Parshall suggested that Trump’s victory over the huge field of Republican competitors was a sign of God’s favor: “For those who have been praying and fasting through, during and for this process, have we now believed the sovereignty of God didn’t apply? Did He take off to Philadelphia, as W.C. Fields said? Or was a God sovereign in this entire process? Can God raise up a leader who just doesn’t look right to us, but is exactly who God wants for such a time as this?”

During a Q&A session, Parshall said that evangelicals should look to Trump’s pick of Mike Pence, “who represents everything we evangelicals love and support,” as his running mate. Wichterman said that the vice president has as much power as the president wants him to have. Trump, he said, is not someone who surrounds himself with people who challenge his authority or is willing to hear from dissenting opinions. “I don’t have any confidence that Mike Pence, a good man, will be able to have that influence on Donald Trump,” he said.
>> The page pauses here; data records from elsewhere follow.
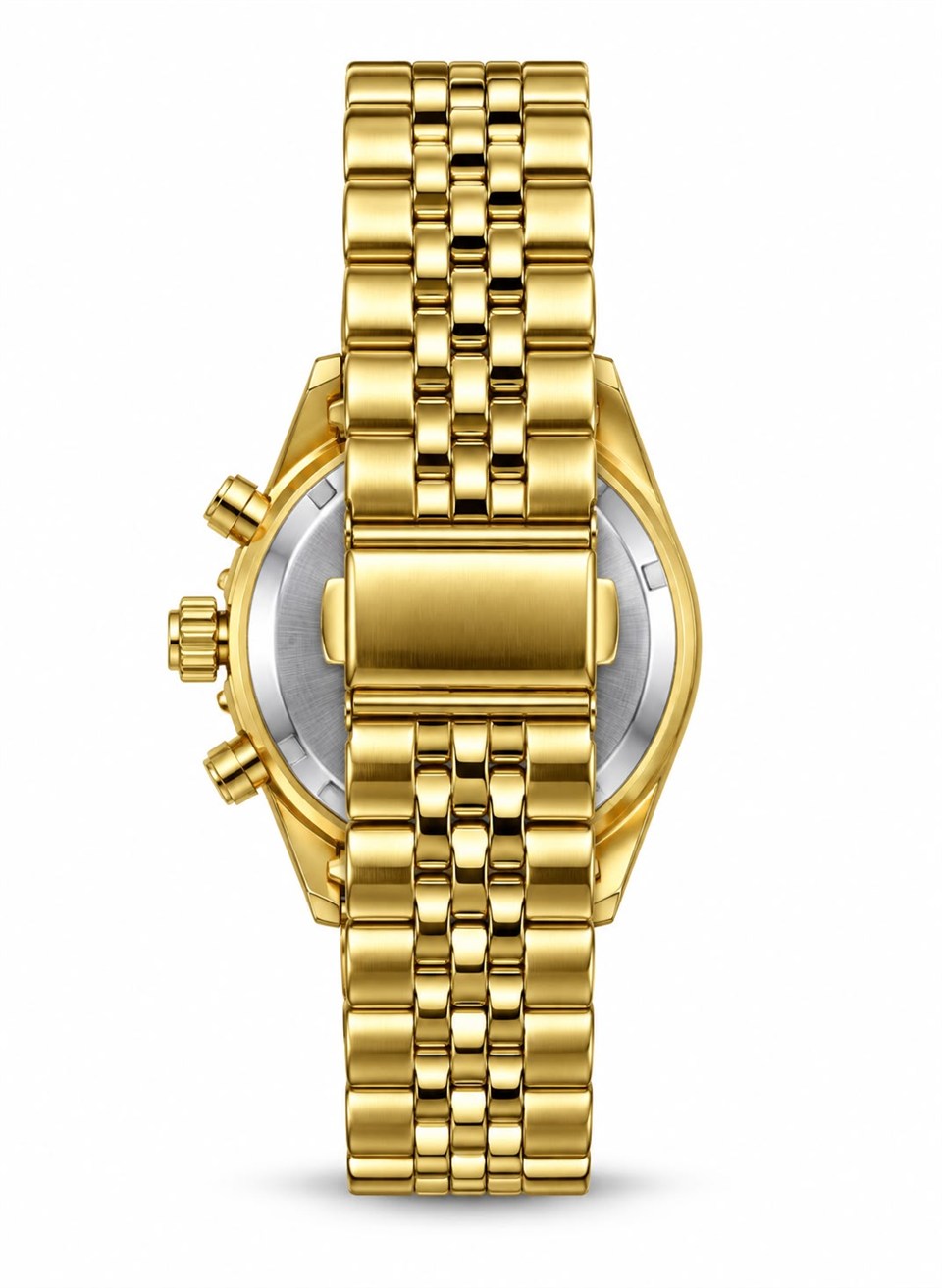 Aurum Gold Yellow Kadın Çelik Kol Saati   
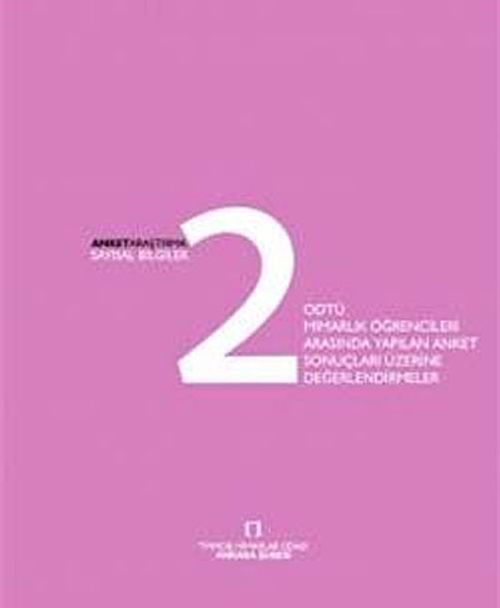 ODTÜ Mimarlık Öğrencileri Arasında Yapılan Anket Sonuçları Üzerine Değerlendirmeler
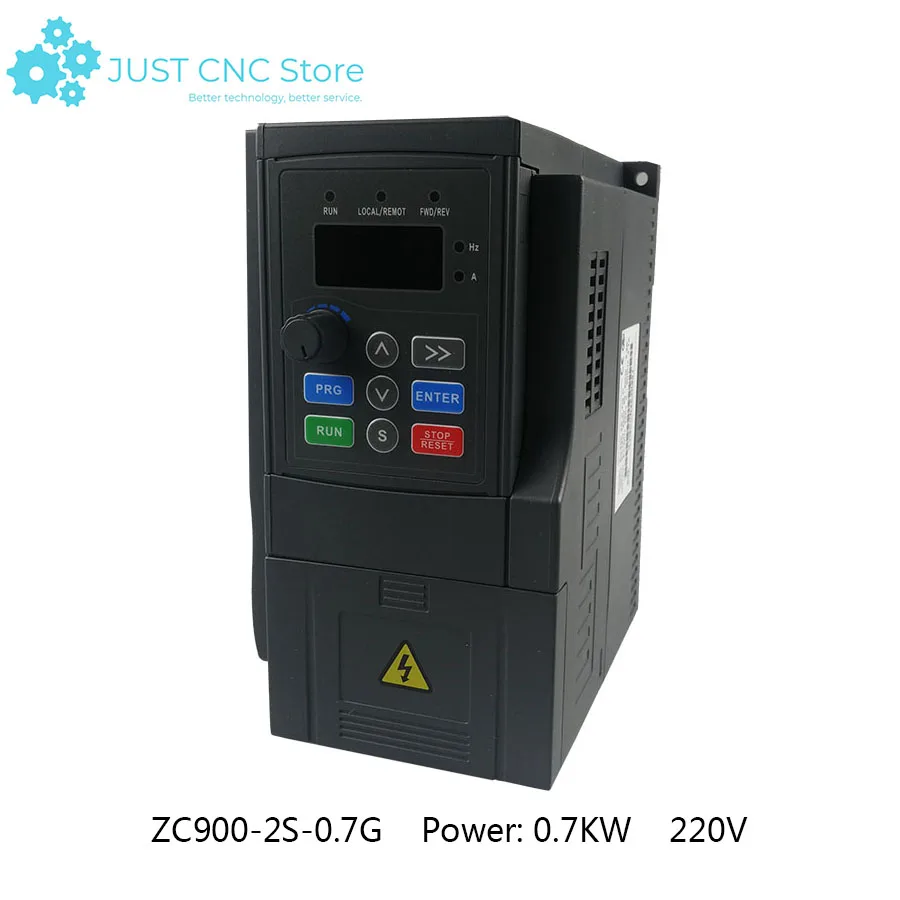 XILINZC900-2S-0.7G 0.7KW 220 V однофазный инвертор вход VFD 3 фазы преобразователь выходных частот Регулируемая скорость 1500 W 220 V Inv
In his response to Parshall, Erickson said essentially that yes, we are all sinners, but do we revel in our sin or repent of it? Are we to lower the bar or strive for something higher? Embracing Trump, he said, neither glorifies God nor advances the kingdom. Parshall responded that Christians have responsibilities on earth to be engaged culturally and politically. She said she doesn’t care that Hillary Clinton says Jesus is her savior if she also supports “the denigration of marriage” and the “annihilation of the pre-born.” She said she was interested in what a candidate will do for the country and “first, last, and always, what will you do with the court?” She said the difference between the judges Hillary Clinton would nominate and Trump’s list is “the difference between darkness and light.”

Harry Jackson started the second round, making the astonishing assertion that Trump “may be the only one who’s able to bring some substantive healing to the racial divide,” because, Jackson said, he could help the country by advancing “practical answers” on educational and economic opportunity.  Black and Hispanic voters, he said, have too often settled for “the politics of grievance.”

Jackson’s top three reasons for all Christians to vote for Trump were religious liberty, the Supreme Court, and support for Israel. He cited other reasons of particular interest to Black and Hispanic Christians to back Trump, including educational reform, economic development in urban areas, and family-oriented tax policies.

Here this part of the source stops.